An AI startup recently bought the domain name friend.com for nearly 2 Million dollars. Names are important but that’s a lot of money especially if it’s nearly everything you have in the bank.1
Friend’s product is a pendant that’s always on, listening to you and what’s going on around you. Press the button in the middle to talk to your friend, it will respond with a text to your phone. It’s your constant buddy and hype man.
You can tweak it’s personality from supportive to snarky. No data is saved and everything personal is on the device - lose it and you’ll need a new friend. That’s it. Put down $99 and you’ll get one next year.
Avi Schiffmann is Friend’s founder. Before Friend, Avi created one of the most popular COVID pandemic tracking dashboards and after that he created sites to support Black Lives Matter protests and the 2020 Presidential Election.
Avi went to Harvard but dropped out after a semester to create a site to help Ukrainian refugees find safe places to stay during the Russian invasion. Now 21, Avi decided he wanted to build more than web sites.
Watching the video is a little uncomfortable and invites mockery but loneliness is a real worry. Friends tagline - not imaginary. Remember pet rocks? Remember virtual pets? Tamagotchis are still around. Do you talk to your cat or your dog? I can see it.
It takes a lot to build a product especially one that pushes the bounds of social norms and technology. I’m happy to see new AI products coming to market. I wrote about the negative AI hype cycle a few weeks ago and we need AI products that try new features and form factors to validate what will work with consumers.
I’m bad a predicting what consumers want. I sold all my Apple stock when they released the iPod! Regardless, I think some of Avi’s decisions are genius.
Avi has already gotten a ton amount of free publicity by buying friend.com. I’m not the only one writing about it - earlier this month Avi posted he already had over 5100 backlinks. Backlinks are a measure of a sites popularity - they’re links to your site from another one. I wonder how many pre-orders Avi has by now.
$99 - great price point. Friend is almost disposable at that price. No subscription required. I want one to play with.
It’s simple. It’s the perfect first release or Minimum Viable Product that’s squarely in the sweet spot of what AI does well today. If Friend succeeds in any measure you can bet they will iterate and Avi has time to build on what he learns.
One of the first AI wearables to the market is a lapel pin from Humane. You tap it like one of those little communicator badges everyone has on Star Trek. The Humane AI pin has a lot going on - camera, microphone, even a laser projector and it’s meant to replace your phone, not work with it.
Humane’s story is as different from Friend’s as their product. Humane has two high profile founders from Apple (they worked at Apple longer than Avi’s been alive) and they raised 100X more capital from big names like Sam Altman (CEO of OpenAI) and Marc Benioff (CEO of Salesforce)2. Humane built a full SDK or software development kit so it aspires to be a new platform for AI Apps.
The Humane pin is $699 and requires a $24 monthly subscription. Unfortunately for Humane, they enticed buyers with a liberal return policy and more people are returning it than buying it to the tune of over $1M. Reviews have been bad.
Last year I wrote some history of the Wacky World of Wearables where the Apple Watch ultimately emerged as the winner. Will a new AI wearable unseat Apple? What might it look like? A pendant, a pin, a watch, something else?
This all takes me back to the .com boom and Pets.com. Like Friend.com, Pets.com acquired a ubiquitous .com domain name for an ecommerce website that sold everything your pet could want.
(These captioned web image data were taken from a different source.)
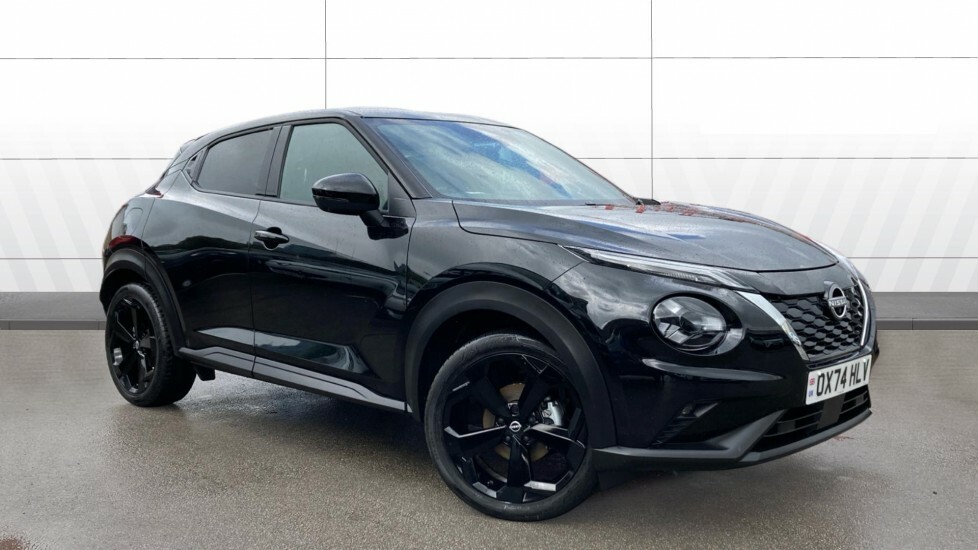Nissan Juke Tekna Black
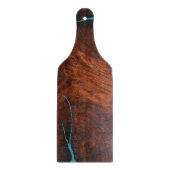 Glass Paddle Cutting Board Mesvrij Turquoise Snijplank (Voorkant)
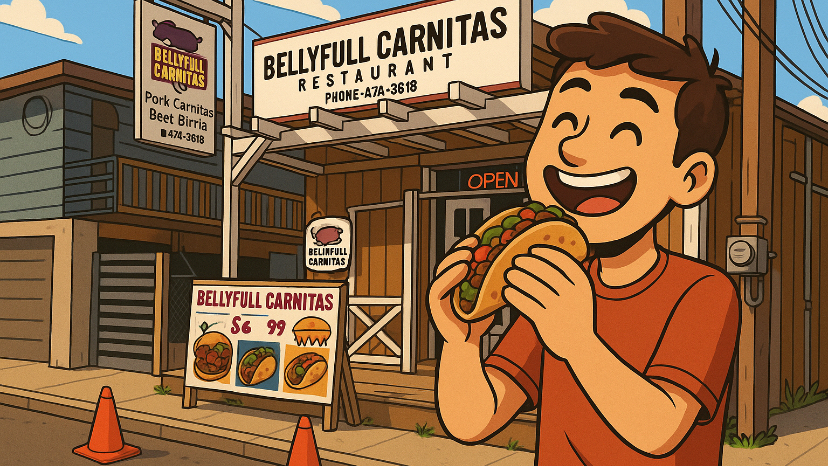 BellyFull Carnitas photo 4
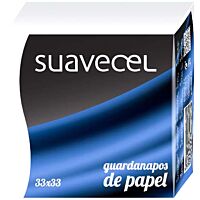 Suavecel servilletas 33 x 33 cm 100 ud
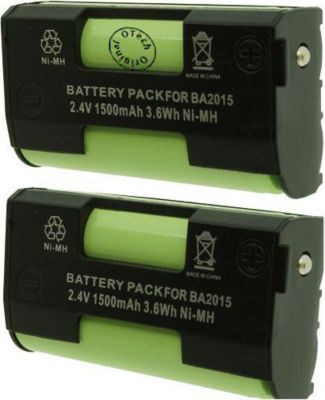 Batterie casque OTECH pour SENNHEISER MIKROPORT SYSTEM 2015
They also had a marvelous marketing run with their mascot the Sock Puppet:
Unfortunately it all ended badly for pets.com:
Pets.com was an SF sensation. It collapsed months after going public.
It’s not that ecommerce wasn’t a good business model (check Amazon) but Pets.com was ahead of it’s time.
A couple of other .com companies I personally fell for back then were eToys which was another ecommerce play (I had two little kids at the time) and eTrade democratizing financial markets. eTrade lives on as a division of Morgan Stanley and online trading is table stakes today for every brokerage; eTrade paved the way for a new wave of fintech disrupters like Robinhood.
The .com boom wasn’t so long ago, kicked off by the commercialization of the Internet and the advent of web browsers. While there was no shortage of irrational exuberance like Pets.com, companies like Amazon and eBay were forged in that fire.
We’re in the middle of the AI boom now, and while not everything is rational, things are moving fast and I’m rooting for Avi.
best, Andrew
Avi bought friend.com from $1.88M and he has raised $2.5M in venture capital.
Humane has raised a total of $241M in funding.
Friend is kind of great and disturbing at the same time. I can't help but get a weird Black Mirror vibe from it, though.